Black-bellied Plover – The first was seen on 20-September, numbers then increased and late afternoon saw the spare sand bars covered in birds. My best count was 144 on 24-October.
American Golden-Plover – around from 03-October with up to 15 on some days. In relatively nearby fields there was a flock of at least 70 in newly ploughed fields. The last birds were present 18-October.
Semipalmated Plover – Been scarce this year with three on 1-September, two of which remained until the next day and one on 6-October and that was it!
Killdeer – The traditional autumn build up saw a peak count of 75 in Mid September.
Spotted Sandpiper – although four pairs bred or at least tried to, they moved out fairly quickly. The last one of the autumn was seen on 21-September..
Solitary Sandpiper – Up to three were around late August but none since.
Greater Yellowlegs – The numbers fluctuated as birds moved through with never more than 10 on site on any one day, the last record, (of five birds) was from 17-October.
Lesser Yellowlegs – The numbers peaked at 45, the last was on 12-October.
Hudsonian Godwit – A great year for this species with several sites in Quebec hosting birds. The first arrived on 3-October and stayed a four of days. Next came three birds together seen on the evening of 12-October, finally a new bird arrived 13-October and stayed until the next day.
Semipalmated Sandpiper – Not very common this autumn peaking at around 15 individuals.
Least Sandpiper – Birds were present daily throughout the main autumn passage period.
White-rumped Sandpiper – The peak count was seven birds.
Baird’s Sandpiper – Three different birds passed through but none stayed for more than a day.
Pectoral Sandpiper – Perhaps up to 20 birds were seen throughout the autumn with the highest day count being nine.
Dunlin – The first birds appeared 30-September and then increased to 26 by mid October.
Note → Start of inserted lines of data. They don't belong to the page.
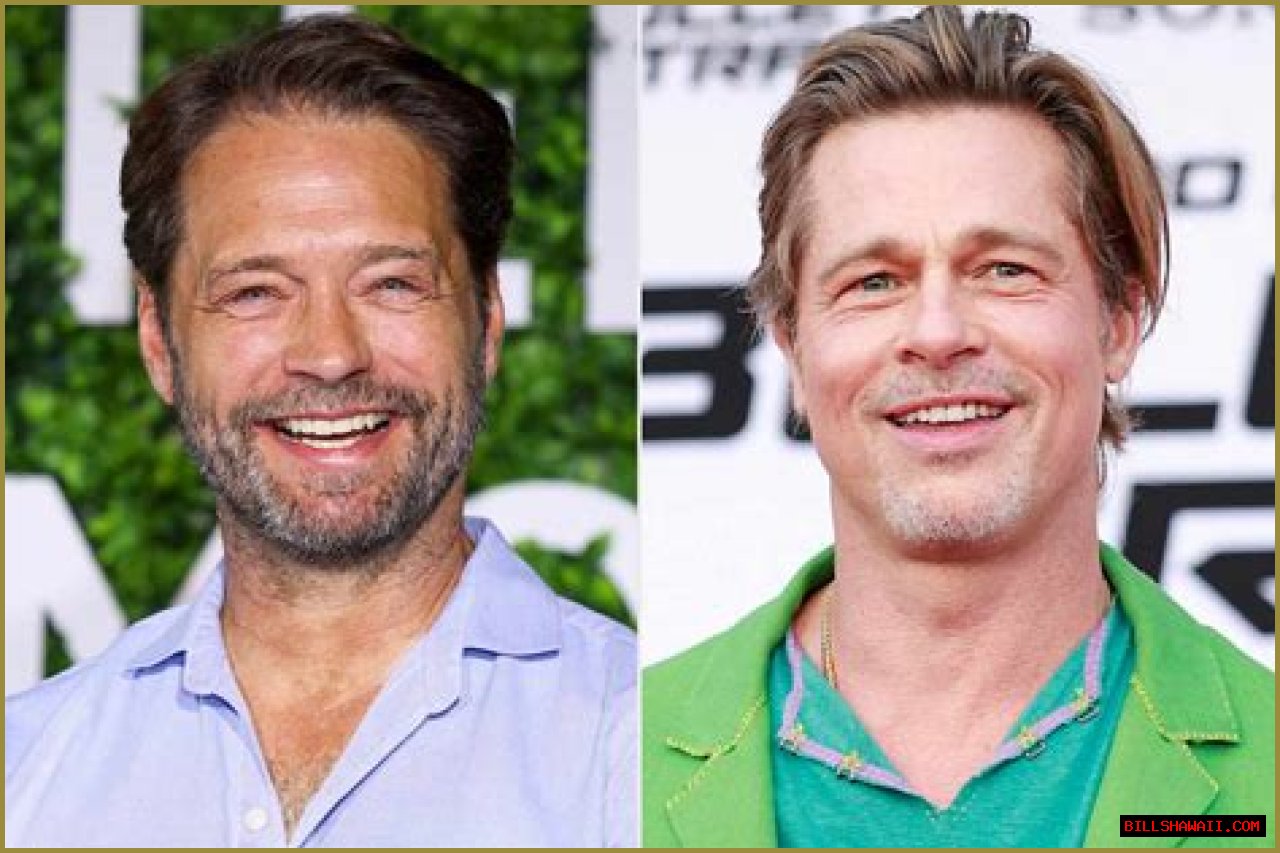 Don Johnson Height: Everything You Need To Know About The Iconic Actor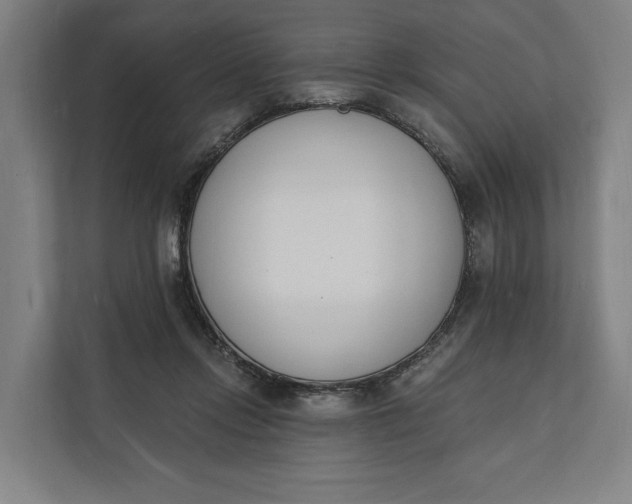 X0000112140358200908211357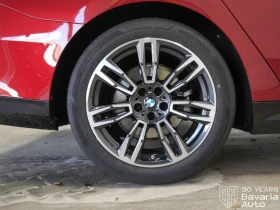 BMW 520 d xDrive Touring M Sport Paket Steptronic - 118400 лв. / 60536.96 € - 39786348 14 | Car24.bg BMW 520 d xDrive Touring M Sport Paket Steptronic - 118400 лв. / 60536.96 € - 39786348 14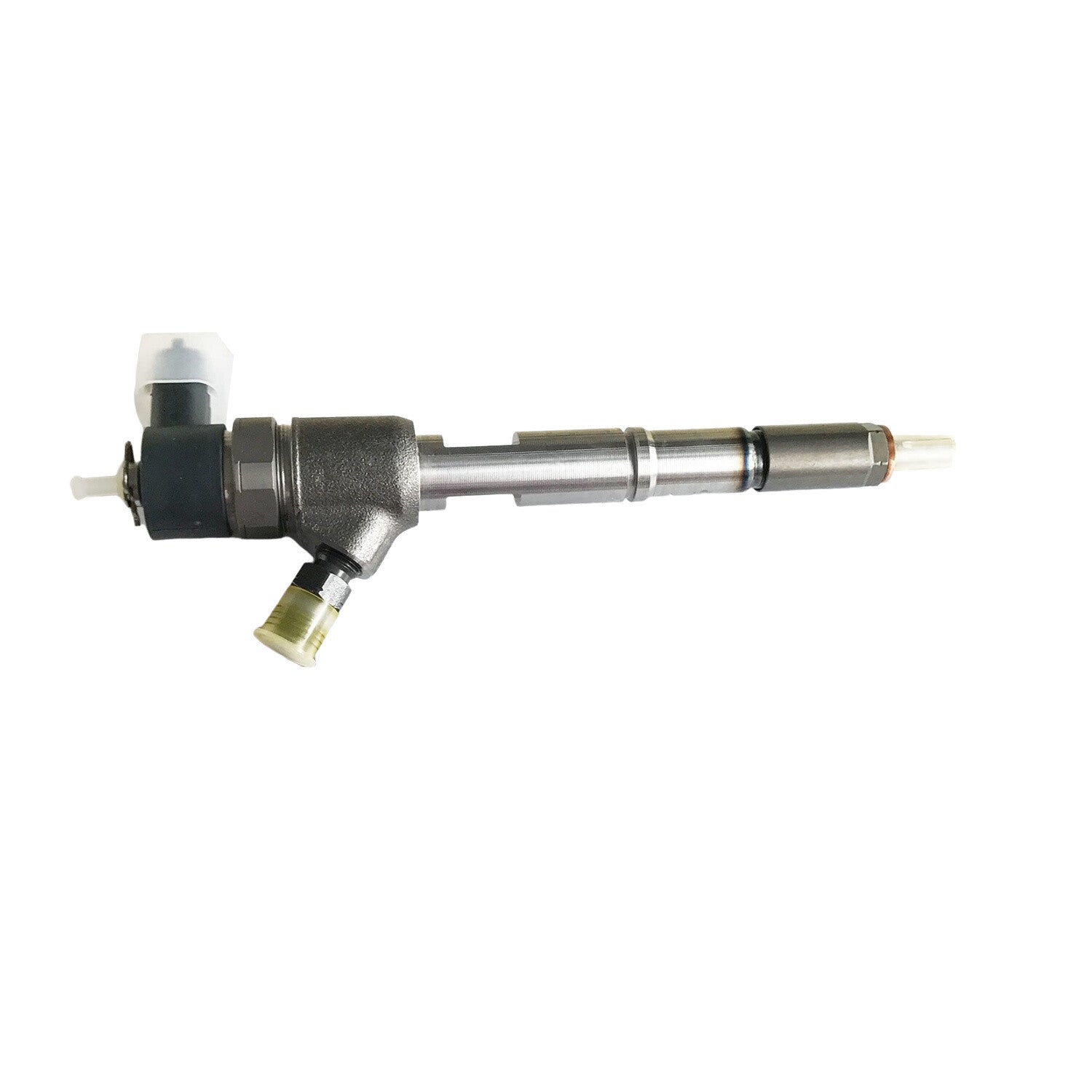 1pc Common Rail Fuel Injector 0445110392 For Diesel Engines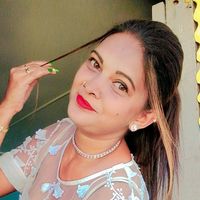 jotiqueen067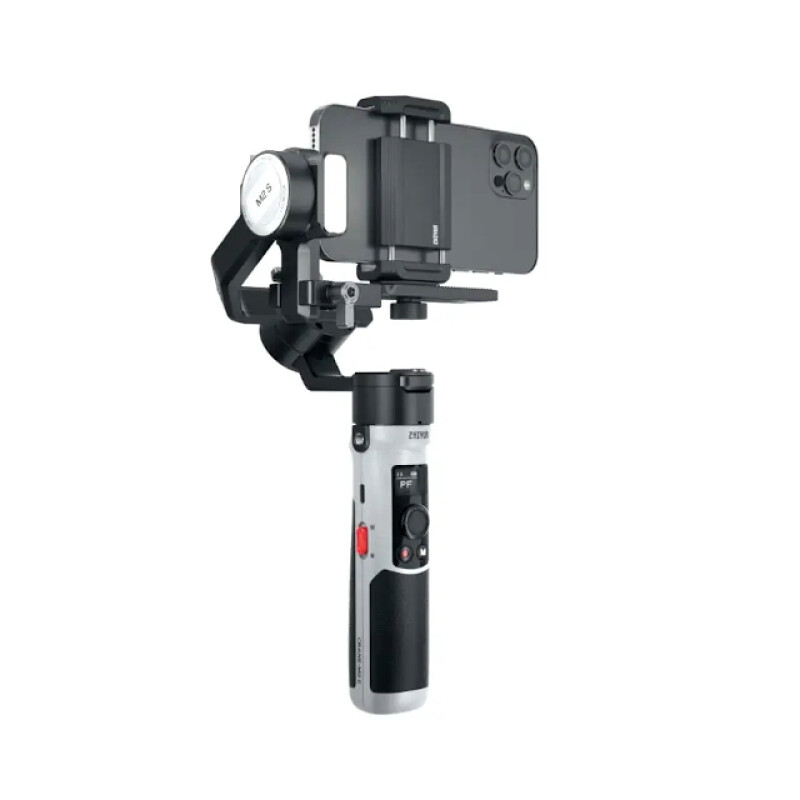 Zhiyun Crane-M2 S электронный стедикам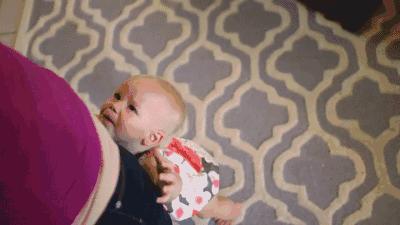 大s和妹妹聊生育观,大s谈论的生育观你赞成吗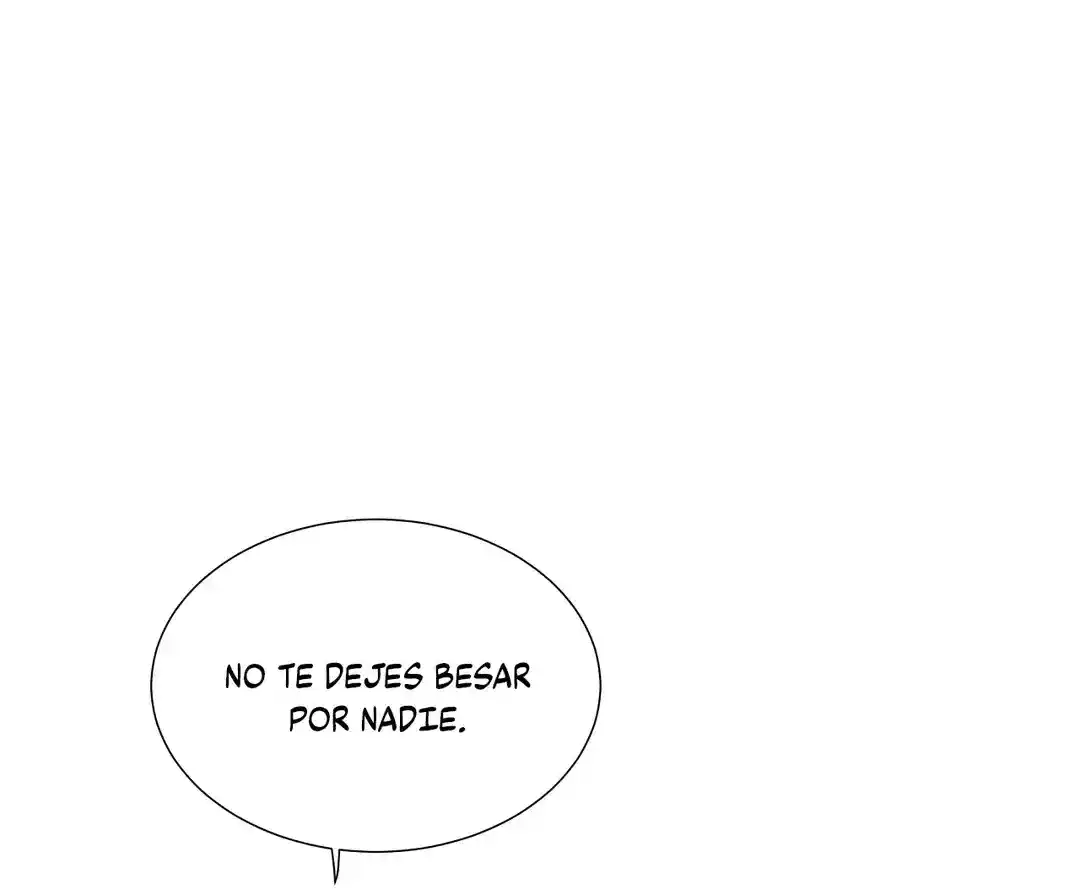 Un Amor digno de Fama capítulo 46, página 56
Stilt Sandpiper – At least one individual was present from late September into early October.
Short-billed Dowitcher – One was present 23 to 27-September.
Long-billed Dowitcher – An unprecedented five individuals were seen including three together on several dates. The first was seen on 30-September, the last on 28-October.
Wilson’s Snipe – Scarce this autumn with just three birds around in late September.
On 26-October I went out to Hungry Bay, the western entrance to Beauharnois Canal. No wind to speak of meant it was easy to scan the area, my totals for an hours watching were: Red-necked Grebe 11, Horned Grebe 3, White-winged Scoter 11 and Common Loon 10. There were still a couple of Myrtle Warblers around too.
This past week has seen the water dominated by Canada Geese but the Redhead continued to show and three new Ruddy Ducks appeared today making eight for the autumn so far. Common Mergansers are now being seen daily while one day had three male Hooded Mergansers to compliment the female/immature which has been around for a while. Northern Pintails have only numbered two which is poor while the lone Common Goldeneye lingers
The colder weather has also started to inspire visible movement through the pits with Rusty Blackbirds seen daily in small flocks, Dark-eyed Juncos are also zipping about and a Northern Gray Shrike is in residence ready for the anticipated redpoll feast.
The forecast for the week to come is for much of the same type of weather so fingers crossed for more passage. It can’t be too long before the Blue Jays start up and this year I will probably have time to enjoy it. Sorry that there have been no photos for a while, must try harder.